EXERCISE AIM - Set down precisely the lines from the line with "Volkswagen Veicoli Commerciali" through the end of the material, inclusive, and no pictures.

WORKING DATA -
----------

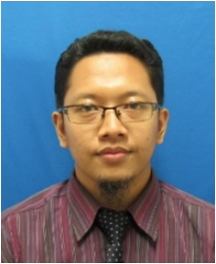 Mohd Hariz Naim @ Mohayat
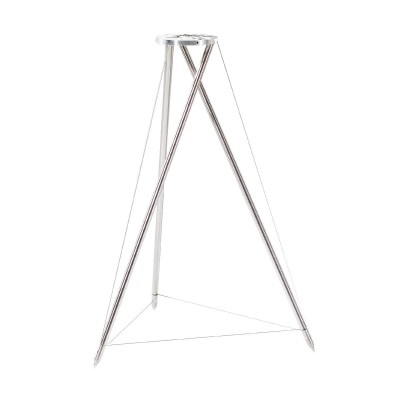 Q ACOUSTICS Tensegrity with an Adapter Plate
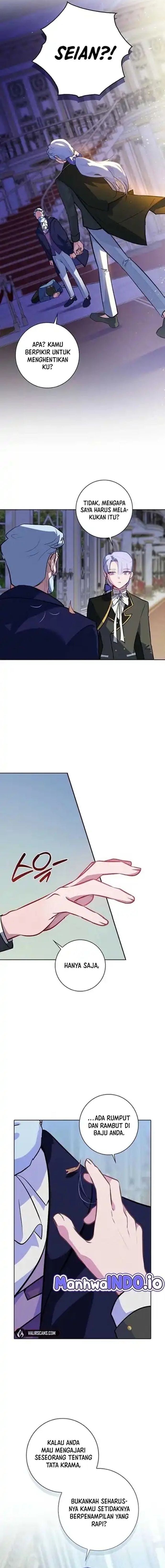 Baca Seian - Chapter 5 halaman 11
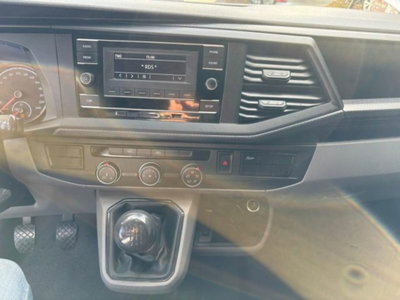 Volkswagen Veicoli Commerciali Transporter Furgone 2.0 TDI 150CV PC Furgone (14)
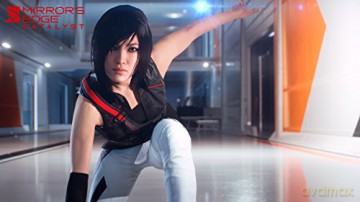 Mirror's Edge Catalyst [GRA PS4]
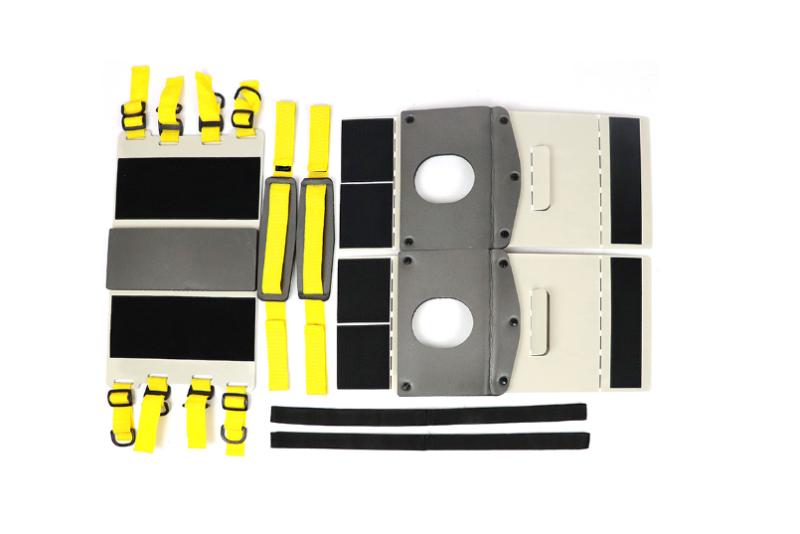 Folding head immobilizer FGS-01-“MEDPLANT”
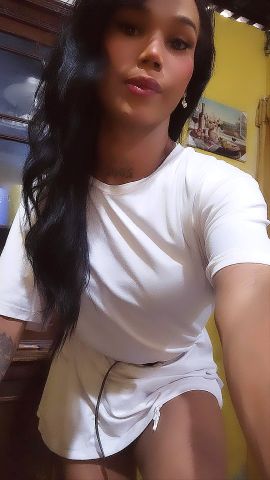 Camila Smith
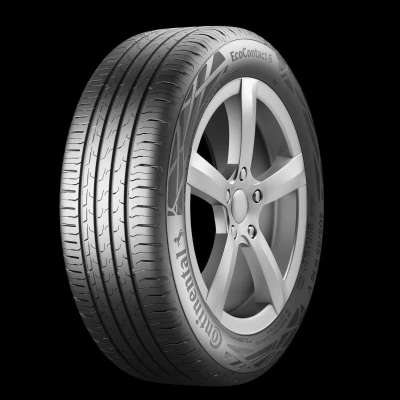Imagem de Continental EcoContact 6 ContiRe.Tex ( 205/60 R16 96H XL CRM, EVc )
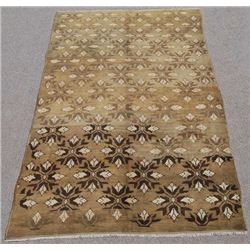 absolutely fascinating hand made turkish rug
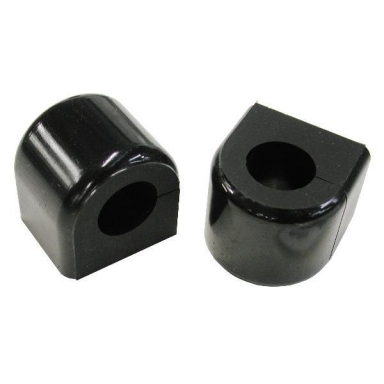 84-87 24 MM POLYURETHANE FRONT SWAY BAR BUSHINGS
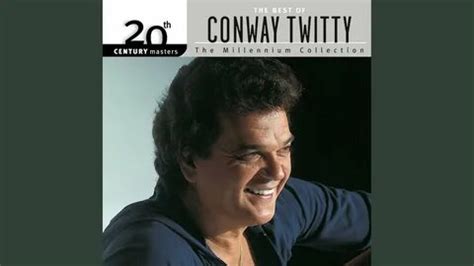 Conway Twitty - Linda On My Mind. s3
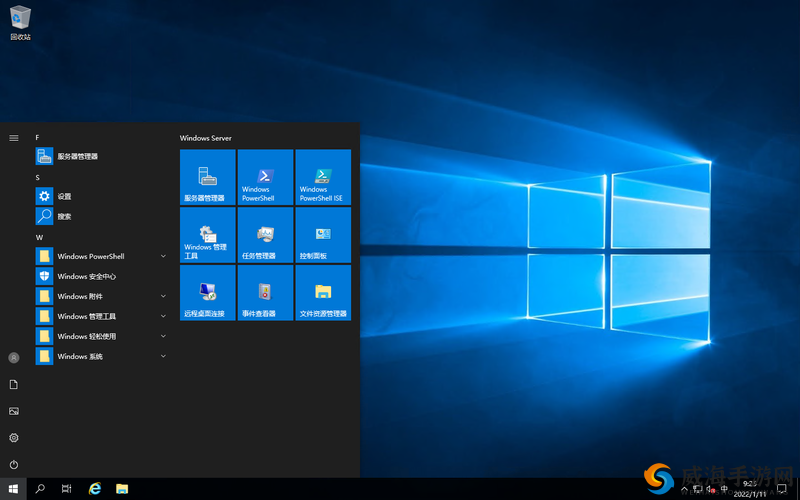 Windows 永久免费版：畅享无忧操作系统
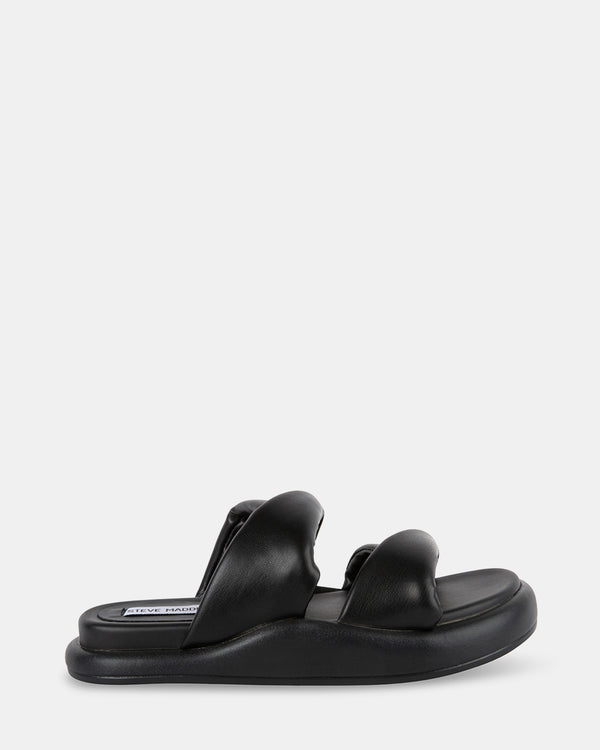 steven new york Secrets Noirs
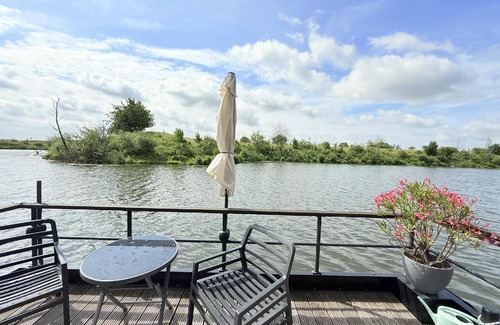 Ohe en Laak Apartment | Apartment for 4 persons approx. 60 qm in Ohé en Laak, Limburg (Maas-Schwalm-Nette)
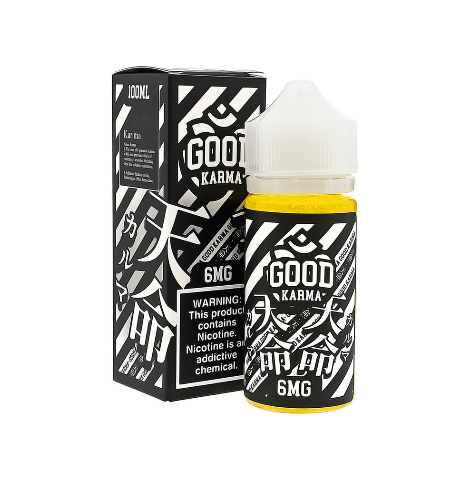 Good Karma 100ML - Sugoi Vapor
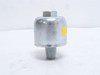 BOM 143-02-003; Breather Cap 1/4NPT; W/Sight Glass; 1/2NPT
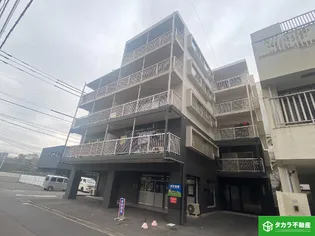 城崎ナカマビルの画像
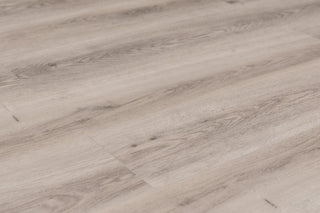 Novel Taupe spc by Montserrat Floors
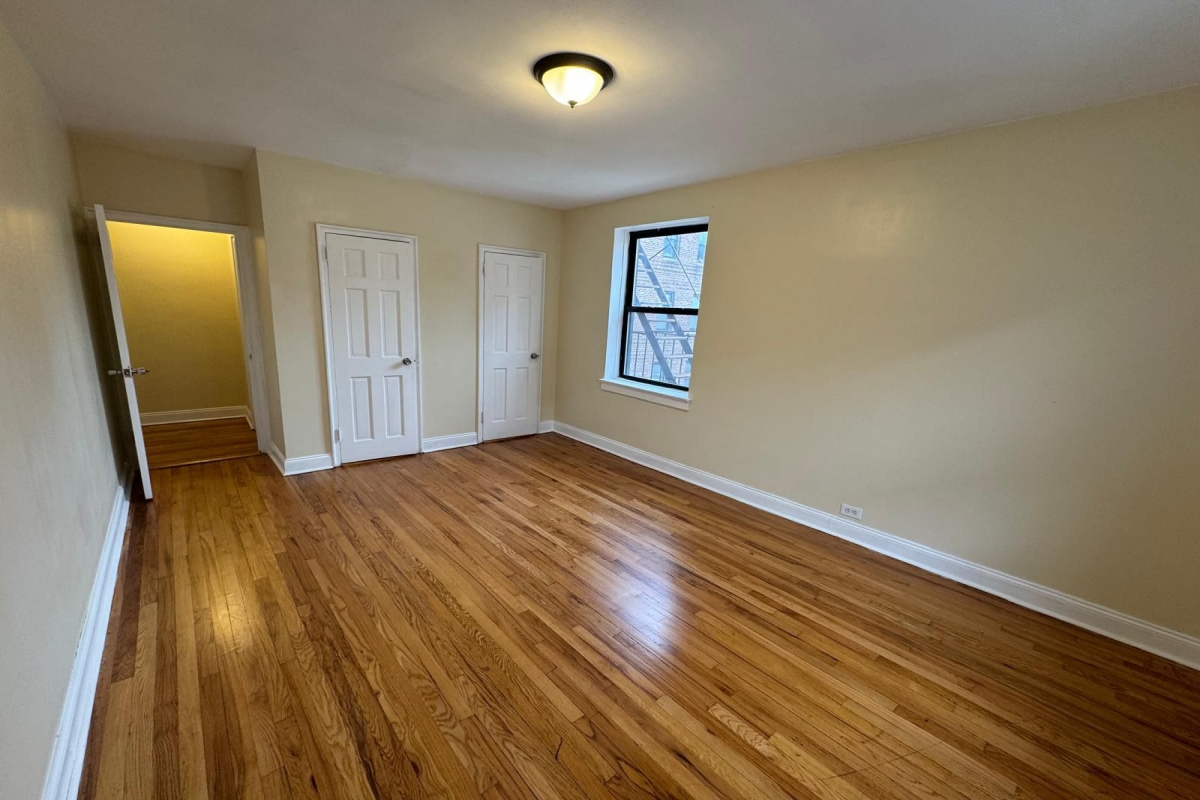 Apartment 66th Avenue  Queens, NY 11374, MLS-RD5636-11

----------

EXPECTED ANSWER -
 Volkswagen Veicoli Commerciali Transporter Furgone 2.0 TDI 150CV PC Furgone (14)
 Mirror's Edge Catalyst [GRA PS4]
 Folding head immobilizer FGS-01-“MEDPLANT”
 Camila Smith
Imagem de Continental EcoContact 6 ContiRe.Tex ( 205/60 R16 96H XL CRM, EVc )
 absolutely fascinating hand made turkish rug
 84-87 24 MM POLYURETHANE FRONT SWAY BAR BUSHINGS
 Conway Twitty - Linda On My Mind. s3
 Windows 永久免费版：畅享无忧操作系统
 steven new york Secrets Noirs
 Ohe en Laak Apartment | Apartment for 4 persons approx. 60 qm in Ohé en Laak, Limburg (Maas-Schwalm-Nette)
 Good Karma 100ML - Sugoi Vapor
 BOM 143-02-003; Breather Cap 1/4NPT; W/Sight Glass; 1/2NPT
 城崎ナカマビルの画像
 Novel Taupe spc by Montserrat Floors
 Apartment 66th Avenue  Queens, NY 11374, MLS-RD5636-11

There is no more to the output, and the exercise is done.